__Task__: Each line at or after the one containing "2022 RAM 1500 Big Horn Crew Cab 4x4 5'7' Box" should be transcribed exactly, up to and including the final line of the data.

--

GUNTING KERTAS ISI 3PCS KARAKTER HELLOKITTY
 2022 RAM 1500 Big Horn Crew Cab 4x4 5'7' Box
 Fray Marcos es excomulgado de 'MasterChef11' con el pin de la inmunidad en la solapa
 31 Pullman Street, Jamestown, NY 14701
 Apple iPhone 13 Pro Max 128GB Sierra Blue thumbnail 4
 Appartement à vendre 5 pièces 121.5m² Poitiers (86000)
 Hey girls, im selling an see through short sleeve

--

__Output below__:
 2022 RAM 1500 Big Horn Crew Cab 4x4 5'7' Box
 Fray Marcos es excomulgado de 'MasterChef11' con el pin de la inmunidad en la solapa
 31 Pullman Street, Jamestown, NY 14701
 Apple iPhone 13 Pro Max 128GB Sierra Blue thumbnail 4
 Appartement à vendre 5 pièces 121.5m² Poitiers (86000)
 Hey girls, im selling an see through short sleeve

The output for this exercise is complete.